[PATCH] D93594: [X86] Pass to transform amx intrinsics to scalar operation.
Pengfei Wang via Phabricator via cfe-commits
cfe-commits at lists.llvm.org
Wed Feb 24 05:03:57 PST 2021
pengfei added inline comments.
================
Comment at: llvm/include/llvm/CodeGen/Passes.h:496
+
+ /// The pass transform amx intrinsics to scalar operation if the function has
+ /// optnone attribute or it is O0.
----------------
transforms
================
Comment at: llvm/lib/Target/X86/X86LowerAMXIntrinsics.cpp:1
+//===- llvm/lib/Target/X86/X86LowerAMXIntrinsics.cpp ----------------------===//
+//
----------------
We usually comment as //===--- filename - description ---===//
See `head -n1 llvm/lib/Target/X86/*.cpp`
================
Comment at: llvm/lib/Target/X86/X86LowerAMXIntrinsics.cpp:51
+ BasicBlock *Header = BasicBlock::Create(
+ Preheader->getContext(), Name + ".header", Preheader->getParent(), Exit);
+ BasicBlock *Body = BasicBlock::Create(Header->getContext(), Name + ".body",
----------------
Ctx
================
Comment at: llvm/lib/Target/X86/X86LowerAMXIntrinsics.cpp:88
+
+template <Intrinsic::ID IntrID,
+ typename = typename std::enable_if<
----------------
Can we just use `template <bool IsLoad>`? I think it also can reduce the branch.
================
Comment at: llvm/lib/Target/X86/X86LowerAMXIntrinsics.cpp:99
+ Loop *RowLoop = LI.AllocateLoop();
+ Loop *ColLoop = LI.AllocateLoop();
+ RowLoop->addChildLoop(ColLoop);
----------------
Not sure how about the arithmetic intrinsics.
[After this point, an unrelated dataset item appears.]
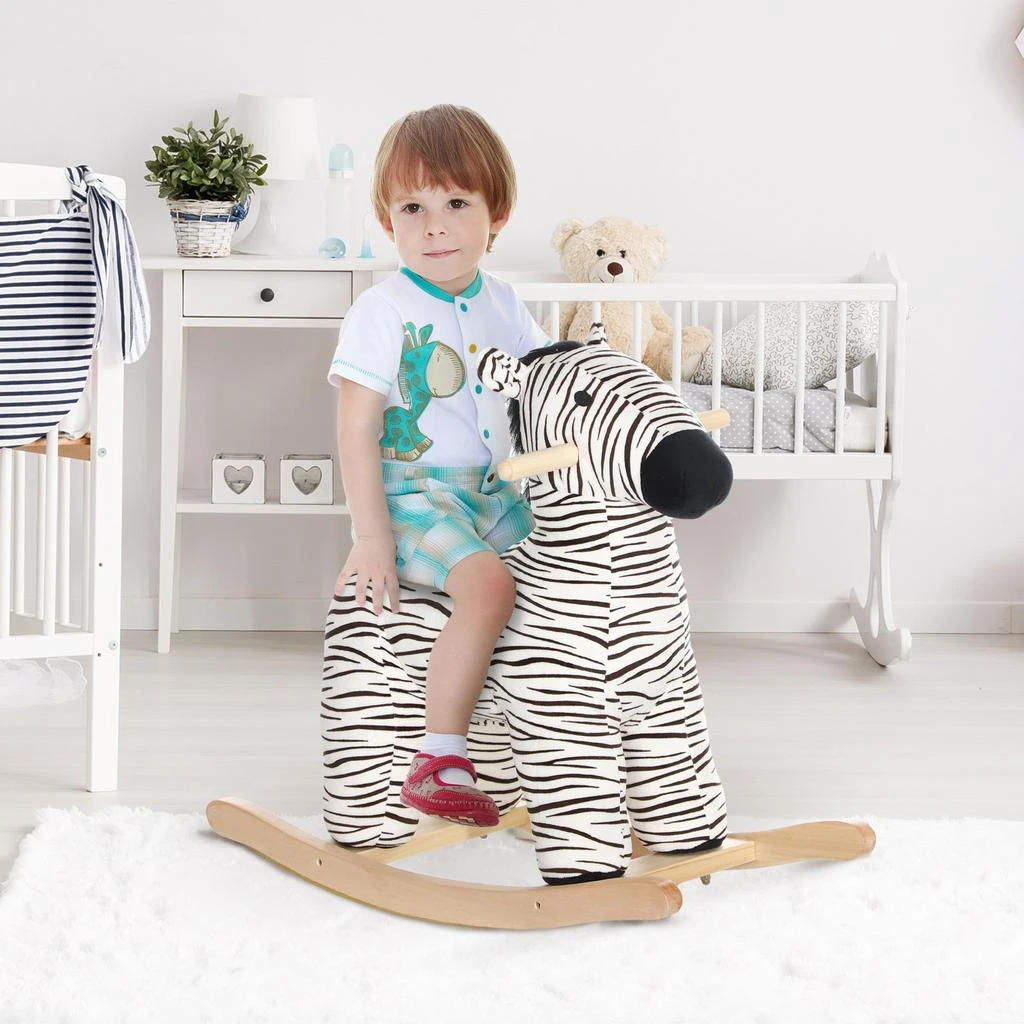 BreeBe Plush Zebra Rocker for Kids (Ages 2–4) 2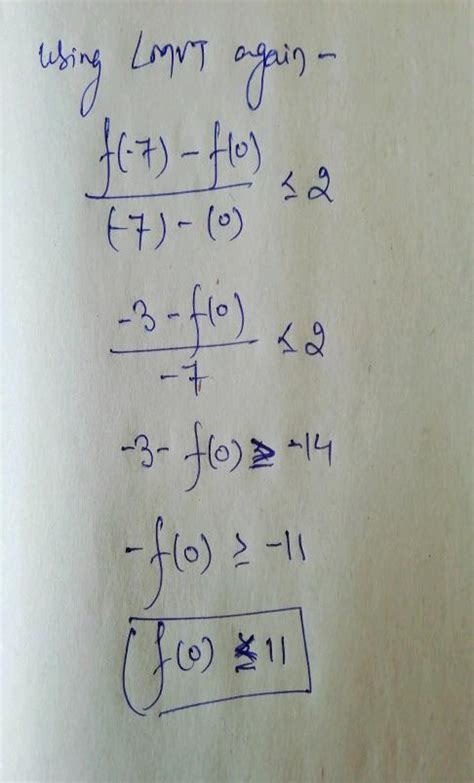 Let F And G Be Two Differentiable Functions On R Such That F X 0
But at least for load and store intrinsics we can use LLVM intrinsic `llvm.masked.load/store` to reduce the inner loop.
================
Comment at: llvm/lib/Target/X86/X86LowerAMXIntrinsics.cpp:166
+ Value *Vec = nullptr;
+ if (auto *BitCast = dyn_cast<BitCastInst>(Tile))
+ Vec = BitCast->getOperand(0);
----------------
Maybe we can just use cast to help to raise the assertion.
================
Comment at: llvm/lib/Target/X86/X86LowerAMXIntrinsics.cpp:223
+ Value *VecC, *VecA, *VecB;
+ if (auto *BitCast = dyn_cast<BitCastInst>(Acc))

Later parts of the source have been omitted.